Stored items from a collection
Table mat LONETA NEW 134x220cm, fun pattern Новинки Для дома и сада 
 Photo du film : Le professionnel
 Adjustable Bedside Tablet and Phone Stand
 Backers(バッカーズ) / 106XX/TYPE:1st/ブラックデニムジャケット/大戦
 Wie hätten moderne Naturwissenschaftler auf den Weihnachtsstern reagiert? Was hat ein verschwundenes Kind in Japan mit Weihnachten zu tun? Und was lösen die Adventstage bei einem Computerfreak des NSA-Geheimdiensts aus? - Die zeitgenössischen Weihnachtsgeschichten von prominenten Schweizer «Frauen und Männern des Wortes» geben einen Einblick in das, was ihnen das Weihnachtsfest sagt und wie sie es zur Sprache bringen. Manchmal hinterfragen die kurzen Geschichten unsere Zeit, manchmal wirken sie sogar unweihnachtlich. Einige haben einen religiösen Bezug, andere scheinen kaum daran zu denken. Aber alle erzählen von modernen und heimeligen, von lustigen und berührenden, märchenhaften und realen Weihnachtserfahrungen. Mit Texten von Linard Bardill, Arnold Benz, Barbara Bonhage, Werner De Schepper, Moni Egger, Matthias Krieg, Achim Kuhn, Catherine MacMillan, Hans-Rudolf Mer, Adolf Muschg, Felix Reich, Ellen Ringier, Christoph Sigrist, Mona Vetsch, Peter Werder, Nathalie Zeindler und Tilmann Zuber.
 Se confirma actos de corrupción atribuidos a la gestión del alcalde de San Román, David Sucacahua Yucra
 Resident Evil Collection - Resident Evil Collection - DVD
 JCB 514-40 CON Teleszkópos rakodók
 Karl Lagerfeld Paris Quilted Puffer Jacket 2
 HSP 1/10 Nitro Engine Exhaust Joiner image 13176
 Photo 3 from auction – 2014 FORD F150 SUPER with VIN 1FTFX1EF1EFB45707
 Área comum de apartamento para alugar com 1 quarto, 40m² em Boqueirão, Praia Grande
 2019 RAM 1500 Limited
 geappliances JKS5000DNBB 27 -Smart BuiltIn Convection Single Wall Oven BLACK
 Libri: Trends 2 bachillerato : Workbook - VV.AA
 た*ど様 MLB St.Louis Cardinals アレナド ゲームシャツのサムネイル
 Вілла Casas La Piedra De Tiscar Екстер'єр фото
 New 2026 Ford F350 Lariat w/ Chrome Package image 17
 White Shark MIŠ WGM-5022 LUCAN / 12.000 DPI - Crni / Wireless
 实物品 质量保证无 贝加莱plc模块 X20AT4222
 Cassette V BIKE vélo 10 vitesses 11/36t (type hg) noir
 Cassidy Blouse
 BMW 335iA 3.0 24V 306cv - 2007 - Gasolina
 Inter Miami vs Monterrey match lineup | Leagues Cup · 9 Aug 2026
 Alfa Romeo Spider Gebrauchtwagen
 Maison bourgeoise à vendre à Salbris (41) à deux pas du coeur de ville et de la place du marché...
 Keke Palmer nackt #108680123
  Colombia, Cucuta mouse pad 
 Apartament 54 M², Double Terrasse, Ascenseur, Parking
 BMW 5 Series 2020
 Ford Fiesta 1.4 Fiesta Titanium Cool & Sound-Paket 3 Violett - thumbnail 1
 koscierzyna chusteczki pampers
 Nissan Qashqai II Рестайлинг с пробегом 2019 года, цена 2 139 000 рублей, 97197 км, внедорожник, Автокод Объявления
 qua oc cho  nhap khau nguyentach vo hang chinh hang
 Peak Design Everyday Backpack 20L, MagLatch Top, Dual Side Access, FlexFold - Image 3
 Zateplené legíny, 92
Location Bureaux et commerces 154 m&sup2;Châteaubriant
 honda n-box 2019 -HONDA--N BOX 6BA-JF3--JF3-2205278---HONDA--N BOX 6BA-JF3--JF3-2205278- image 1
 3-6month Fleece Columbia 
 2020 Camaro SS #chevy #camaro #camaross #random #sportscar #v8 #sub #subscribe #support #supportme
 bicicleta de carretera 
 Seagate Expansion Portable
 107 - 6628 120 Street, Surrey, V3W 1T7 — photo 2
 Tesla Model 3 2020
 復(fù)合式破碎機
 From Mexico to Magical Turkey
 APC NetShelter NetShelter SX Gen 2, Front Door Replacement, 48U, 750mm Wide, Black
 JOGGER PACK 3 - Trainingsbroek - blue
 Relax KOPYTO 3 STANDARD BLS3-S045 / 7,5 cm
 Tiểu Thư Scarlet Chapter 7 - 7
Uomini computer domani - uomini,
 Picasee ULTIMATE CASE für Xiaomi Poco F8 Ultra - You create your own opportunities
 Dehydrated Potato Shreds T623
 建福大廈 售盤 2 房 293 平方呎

## WHAT TO WORK ON
Your reply is to repeat, unchanged, the lines above running from the one with "Colombia, Cucuta mouse pad" up to and including the one with "hang chinh hang".

## PROBLEM SOLUTION
  Colombia, Cucuta mouse pad 
 Apartament 54 M², Double Terrasse, Ascenseur, Parking
 BMW 5 Series 2020
 Ford Fiesta 1.4 Fiesta Titanium Cool & Sound-Paket 3 Violett - thumbnail 1
 koscierzyna chusteczki pampers
 Nissan Qashqai II Рестайлинг с пробегом 2019 года, цена 2 139 000 рублей, 97197 км, внедорожник, Автокод Объявления
 qua oc cho  nhap khau nguyentach vo hang chinh hang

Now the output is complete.